Activity: Although the entries contain pictures, the copy should hold only their exact text.
★ ★ ★ ★ ★
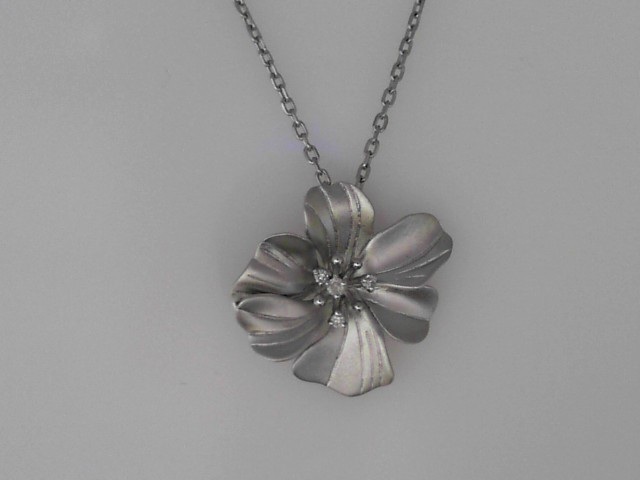 STERLING SILVER SATIN FINISH FLOWER PENDANT WITH .05CTTW ROUND DIAMONDS ON A 16/18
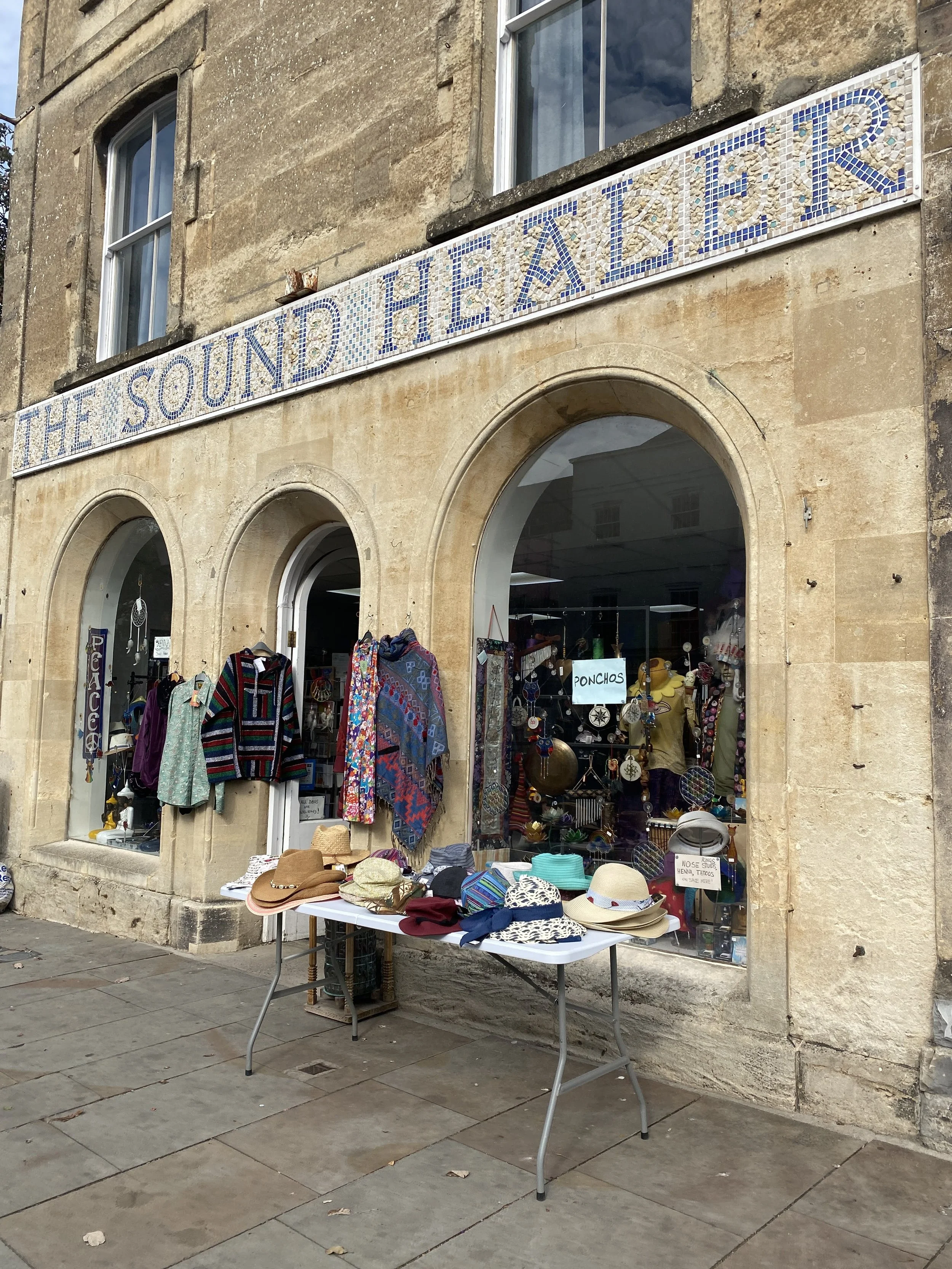 A store named 'The Sound Healer' with items for sale outside, including hats, scarves, ponchos, and jewelry, in front of a stone building with arched windows. Glastonbury retreat High street. shopping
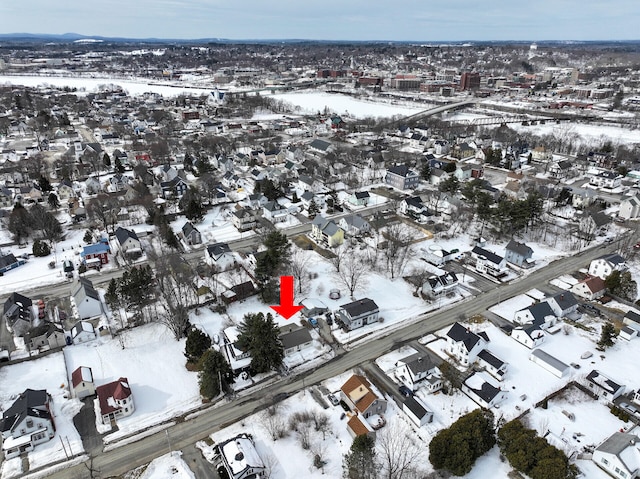 snowy aerial view featuring a residential view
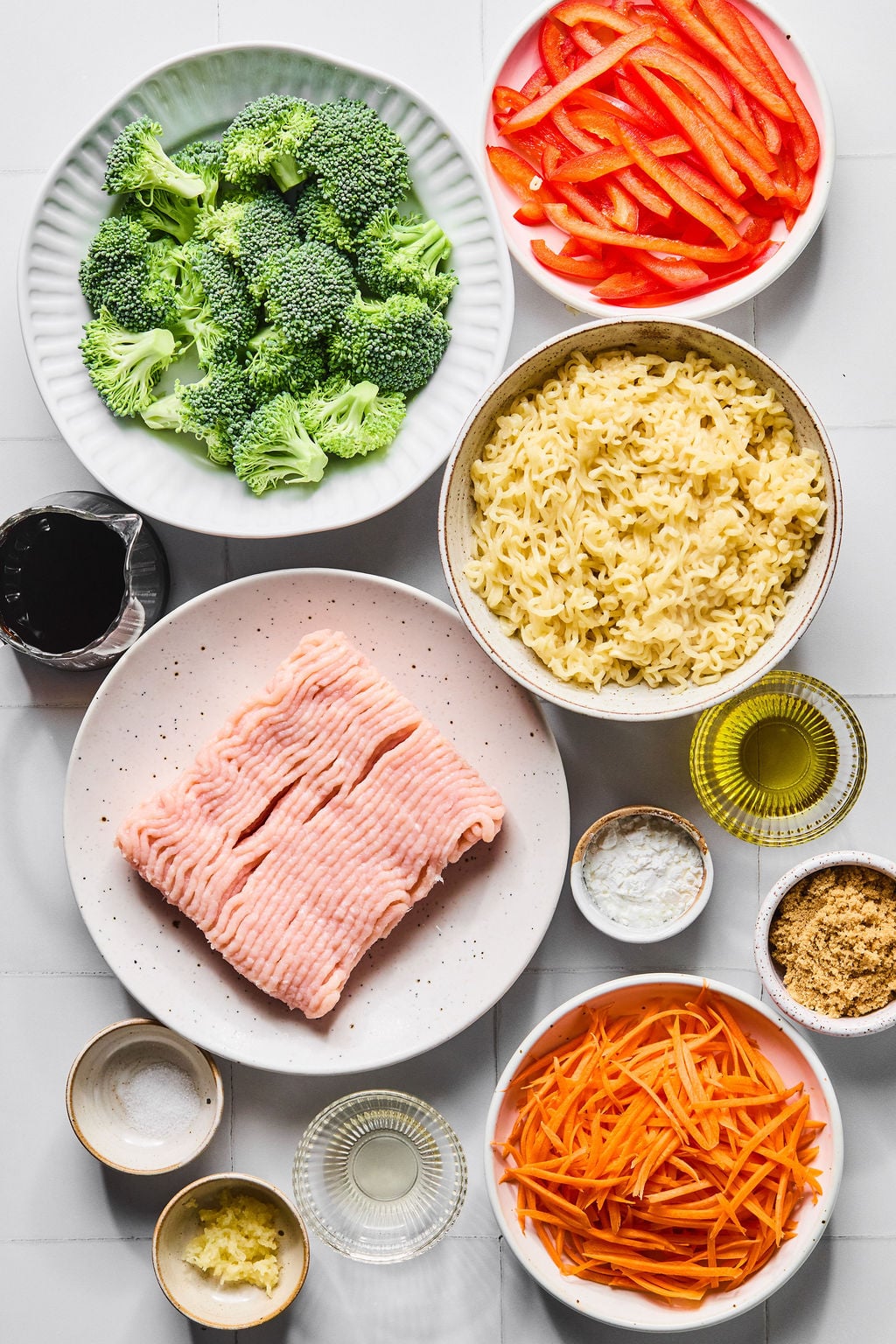 A variety of ingredients in bowls, including broccoli, red bell pepper, cooked noodles, ground turkey, carrots, garlic, sauces, oil, and seasonings, arranged on a white surface.
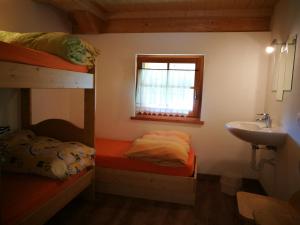 Postel nebo postele na pokoji v ubytování Rifugio Stella Alpina Spiz Piaz per escursionisti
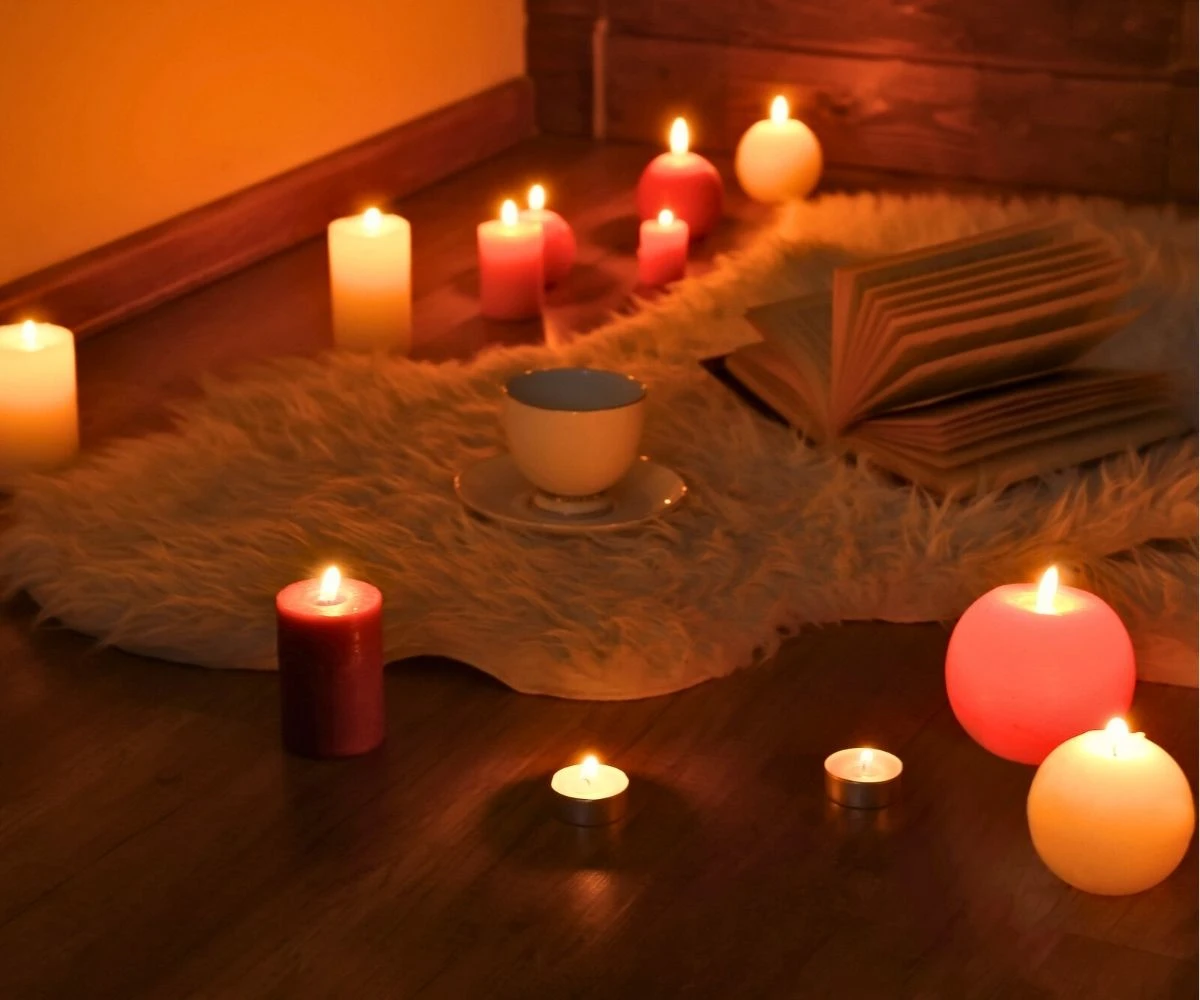 furry rug with candles lit all around, and a local ghost folklore book opened on it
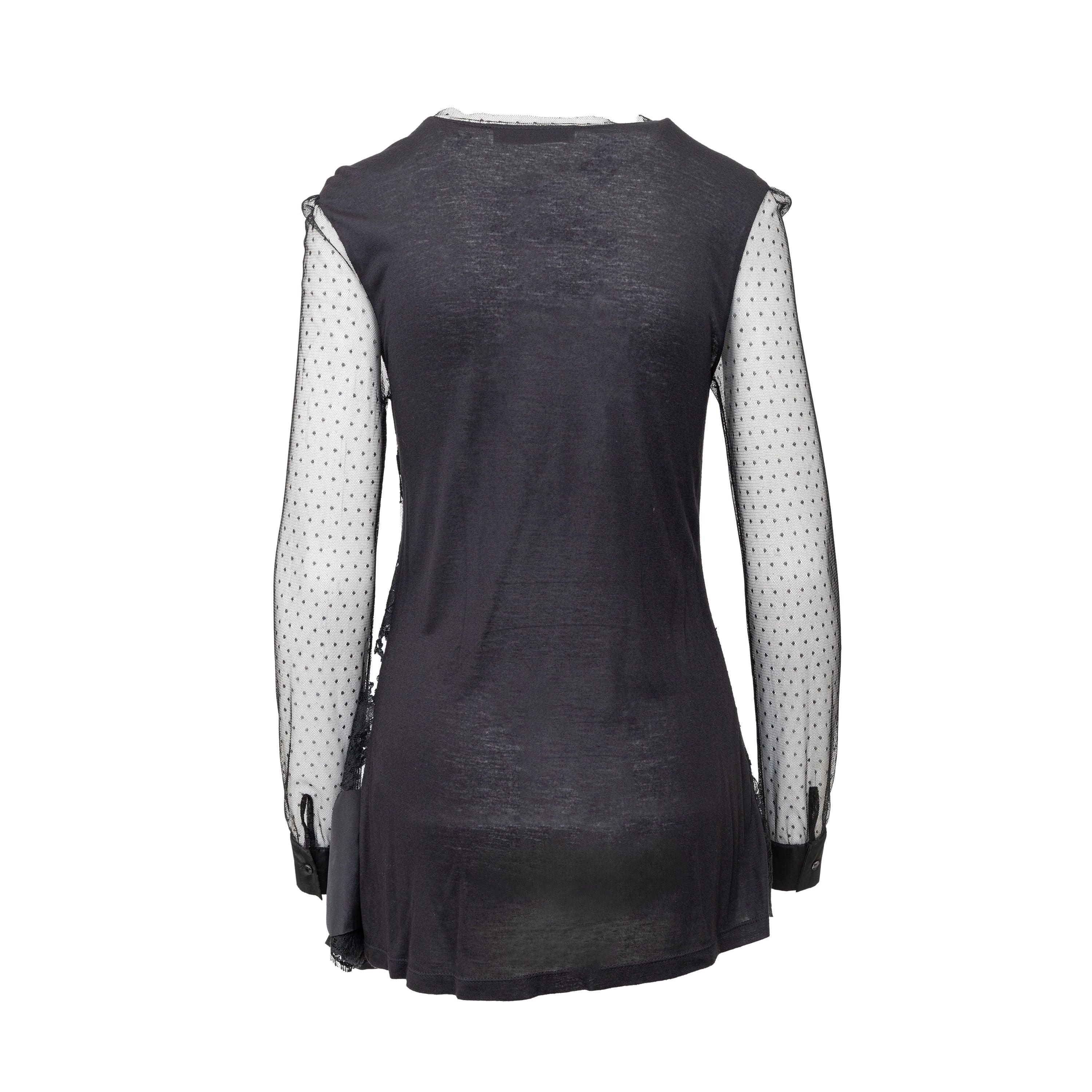 Expertly crafted by Valentino, this T-shirt couture long top exudes elegance with its delicate lace embroidery and sheer long sleeves. The silk bow accent at the hem adds a touch of femininity to this versatile black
★ ★ ★ ★ ★
Answer to this task:
 STERLING SILVER SATIN FINISH FLOWER PENDANT WITH .05CTTW ROUND DIAMONDS ON A 16/18
 A store named 'The Sound Healer' with items for sale outside, including hats, scarves, ponchos, and jewelry, in front of a stone building with arched windows. Glastonbury retreat High street. shopping
 snowy aerial view featuring a residential view
 A variety of ingredients in bowls, including broccoli, red bell pepper, cooked noodles, ground turkey, carrots, garlic, sauces, oil, and seasonings, arranged on a white surface.
 Postel nebo postele na pokoji v ubytování Rifugio Stella Alpina Spiz Piaz per escursionisti
 furry rug with candles lit all around, and a local ghost folklore book opened on it
 Expertly crafted by Valentino, this T-shirt couture long top exudes elegance with its delicate lace embroidery and sheer long sleeves. The silk bow accent at the hem adds a touch of femininity to this versatile black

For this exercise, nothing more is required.